Rapper Curtis “50 Cent” Jackson, who was accused of using steroids by the Albany Union-Times newspaper, recently accused boxer Manny Pacquiao of using anabolic steroids in a series of messages posted on Twitter. Jackson was hanging out with his good friend boxer Floyd Mayweather while in Miami to promote the premier of Jackson’s new film, “Things Fall Apart”, at the Miami Film Festival. A much anticipated “super fight” between Mayweather and Pacquiao was originally delayed last year after Mayweather insisted on “Olympic-style” steroid testing.
Brendon Lyons on the Albany Union-Times suggested that 50 Cent may have used anabolic steroids (or at least had them shipped to him) in article that appeared on the Union-Times website in January 2008 (“Steroids Beyond Sports: Celebrities now among those linked to drug shipments“, last retrieved November 9, 2008).
The names of R&B music star Mary J. Blige, along with rap artists 50 Cent, Timbaland and Wyclef Jean, and award-winning author and producer Tyler Perry, have emerged in an Albany-based investigation of steroids trafficking that has already rocked the professional sports world, according to confidential sources.
Records shared with the Times Union and information from several cooperating witnesses on Long Island indicate Blige and other stars were shipped prescribed human growth hormone or steroids — sometimes under fictitious names — at hotels, production studios, private residences, an upscale Manhattan fitness club and through the Long Island office of Michael Diamond, a chiropractor affiliated with the celebrities, sources said.

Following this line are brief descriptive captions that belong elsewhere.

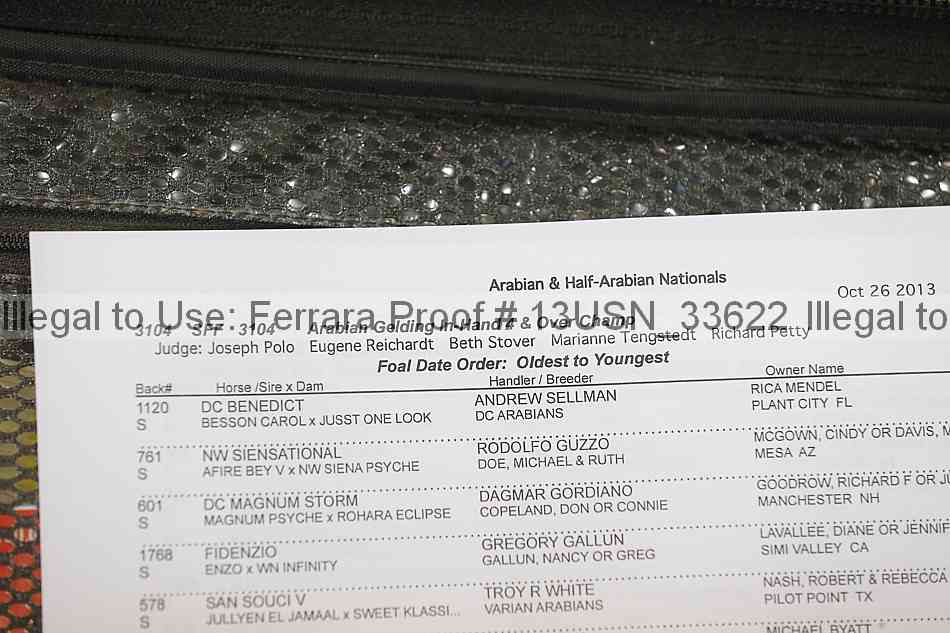 Proof 13usn_33622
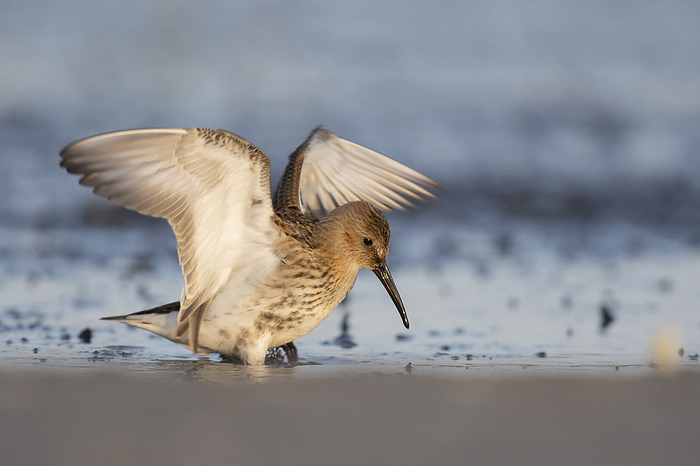 Dunlin Dunlin on the mudflats, Photo by Tierfotoagentur   T. Harbig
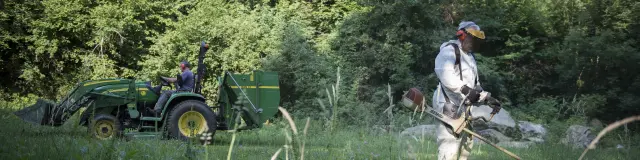 Le service Espaces Verts en action !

Curtis “50 Cent” Jackson was not accused of a crime but the revelation created a firestorm of discussion on websites discussing the possibility that Jackson used steroids t build his muscular physique. The Albany Times-Union has made a habit of reviewing private prescription records in search of famous celebrity athletes, entertainers and other personalities who filled anabolic steroid prescriptions through compounding pharmacies as part of the Times-Union steroid witch-hunt targeting Signature Pharmacy and their customers/clients.